Ozarks Weather Observer Logo
Volume XIV - Number 3
Editor: Brian Barjenbruch  Web Editor: Steven Lindenberg
June 2009
Ozark Weather Observer - Table of Contents
 
 
 
 

 

Derecho!!! Winds Roar on May 8, 2009
by Brian Barjenbruch

For many across the Ozarks region, he morning of May 8, 2009 greeted them with all of the fury and intensity that mother nature could find. Winds of 70 to 90 mph pelted houses with heavy rain and flying debris. Hail larger than golfballs dented cars while rain fell at up to three inches per hour, closing numerous roads including Interstate 44 at one location. 20 tornadoes, up to EF-3 in strength, touched down over portions of southwestern and south central Missouri.
All of this occurred in a matter of only a few hours as a powerful line of thunderstorms raced across the Ozarks between 7 and 11 AM. A line of thunderstorms which such intense windspeeds as these is known as a derecho. In addition to strong winds, the storm system lasted for several hours, beginning as a few thunderstorms over Kansas, and ending up more than a thousand miles off to the east. One reason that the storms lasted so long was that they developed their own very powerful area of low pressure immediately in their wake. This acted to increase the forward speed of the storm system, and produced extremely strong winds to more than 80 mph well behind the main convective line of thunderstorms.
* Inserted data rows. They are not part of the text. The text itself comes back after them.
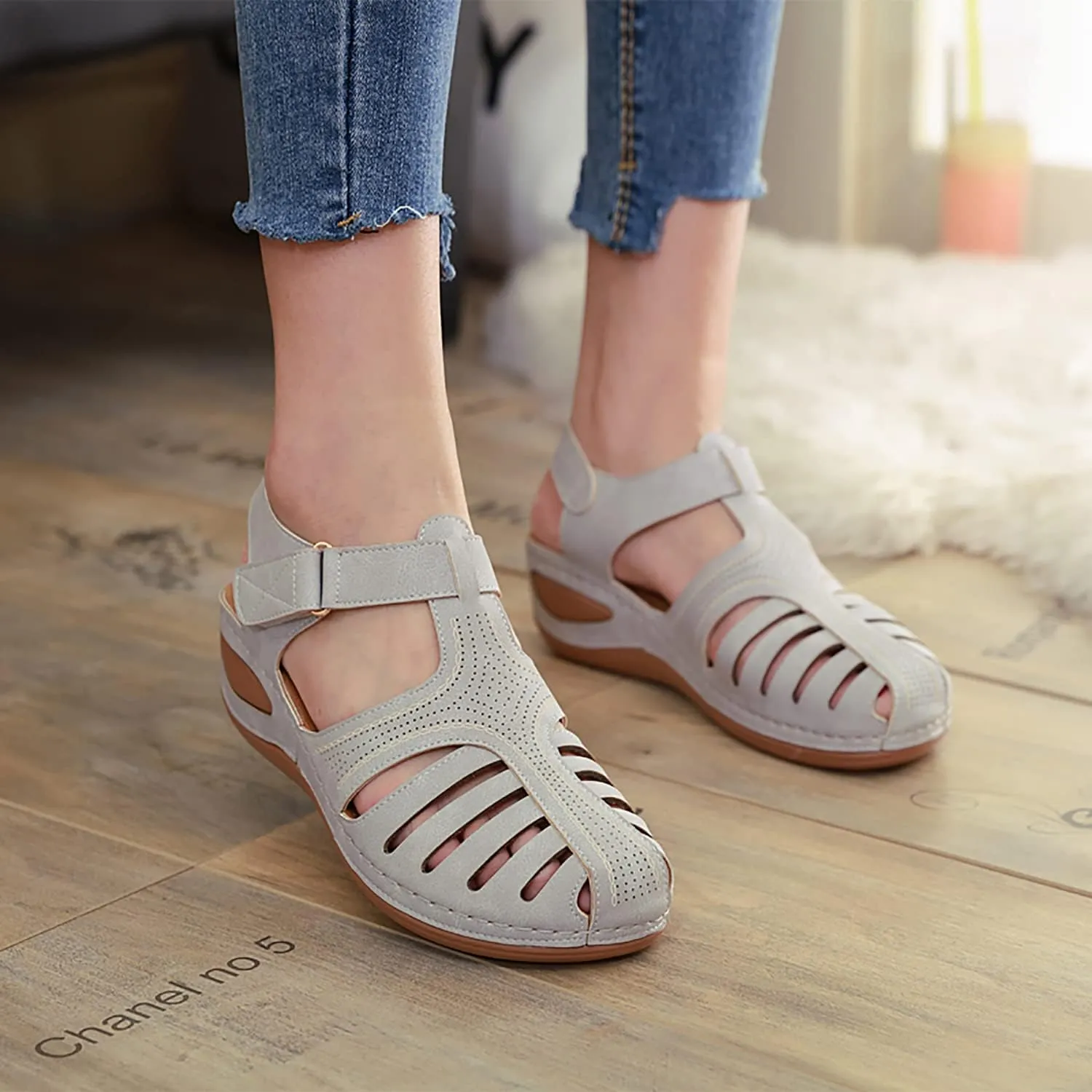 SHIBEVER Women's Wedge Sandals Summer: Closed Toe Sandals for Women Platform Dressy Wedge Size 5-11
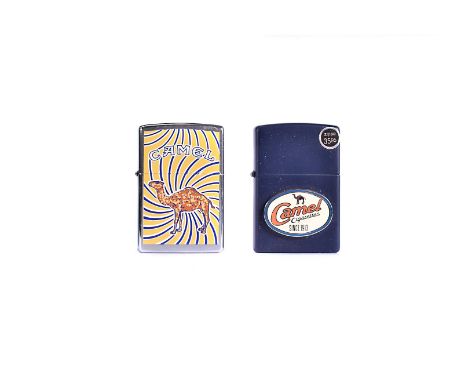 A Camel Swirl 1999 Zippo Lighter, together with a Camel Retro Emblem on matt blue case, both dated 1999, unused (3)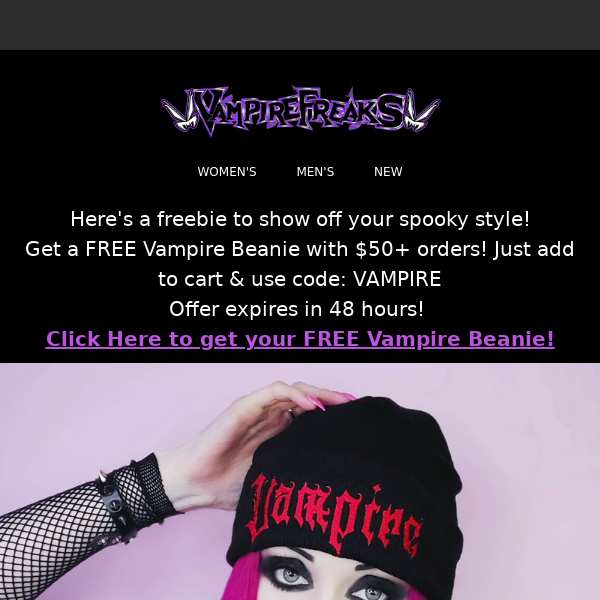 We're giving away FREE Vampire Beanies! 🧛🦇🖤
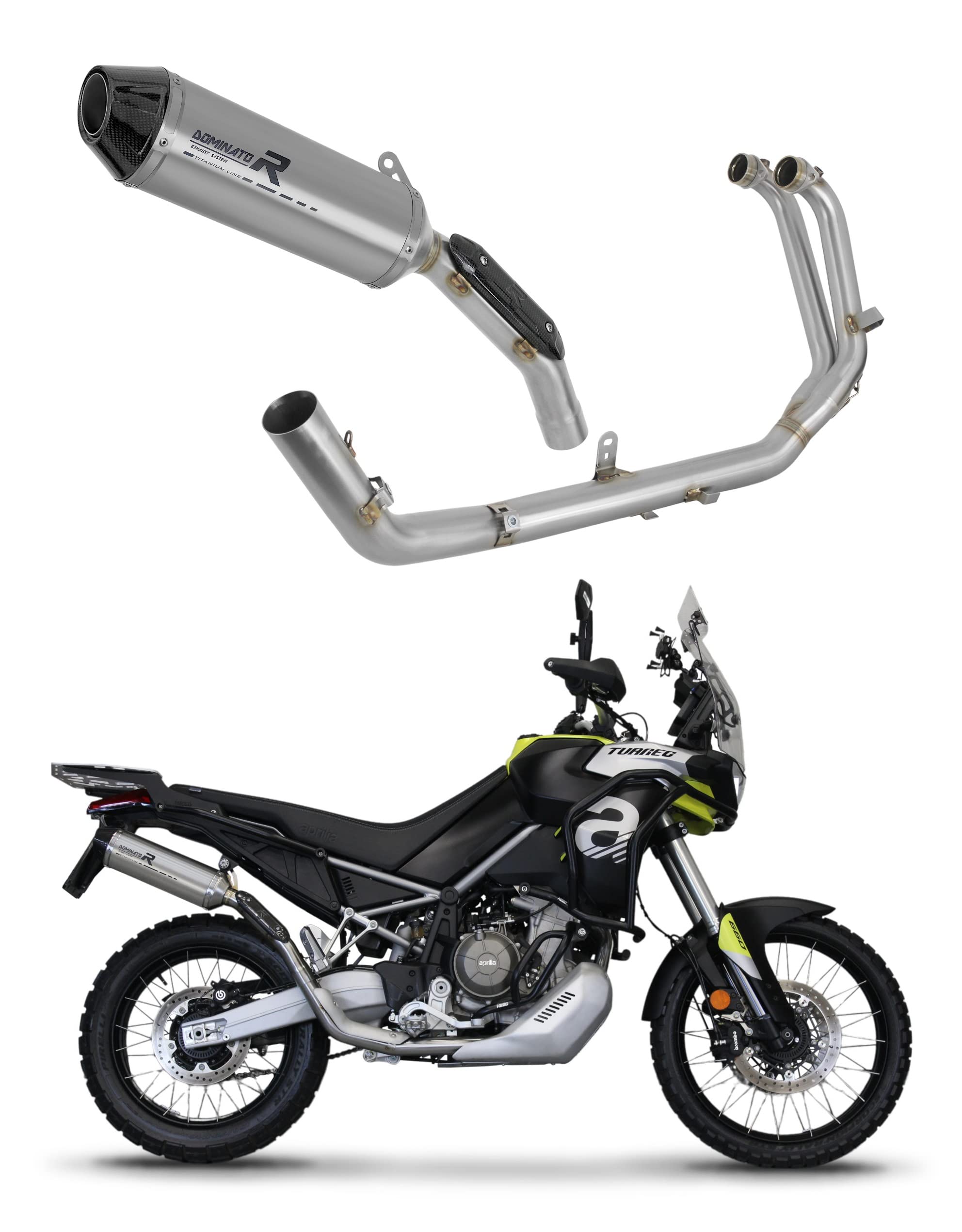 DOMINATOR Full Exhaust System Collector Silencer Titanium HP3 compatible with Tuareg 660 2021-2022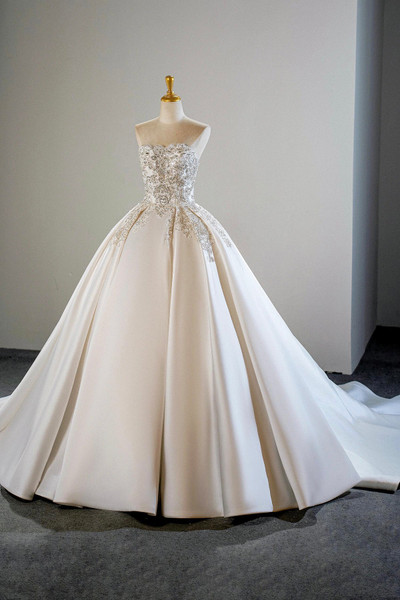 Shop 2025 ANNAKOO Ivory Strapless Beading Satin Ball Gown Wedding Dress Under 219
Storm damage was extensive with this system. A large area of southeastern Kansas and the Missouri Ozarks experienced the most significant wind damage it had seen in several years. Thousands upon thousands of trees were uprooted or snapped. A 1000+ foot tower was snapped off just above ground level. Fair Grove schools received substantial structural damage, along with hundreds of other homes region wide.

 

In addition to the winds, 20 tornadoes developed along the line of storms as it passed through. These included 1 EF-3 and 5 EF-2 tornadoes. Most of these tornadoes touched down along and east of highway 160 in Missouri. One interesting aspect is that as the line of thunderstorms moved to the east, the tornadoes tended to move northeast, or even north. The tornadic activity damaged or destroyed numerous houses, many barns and outbuildings, threw vehicles, caused substantial tree damage, and unfortunately caused one fatality. May 8, 2009 will be a day not soon forgotten by those who endured the powerful storms.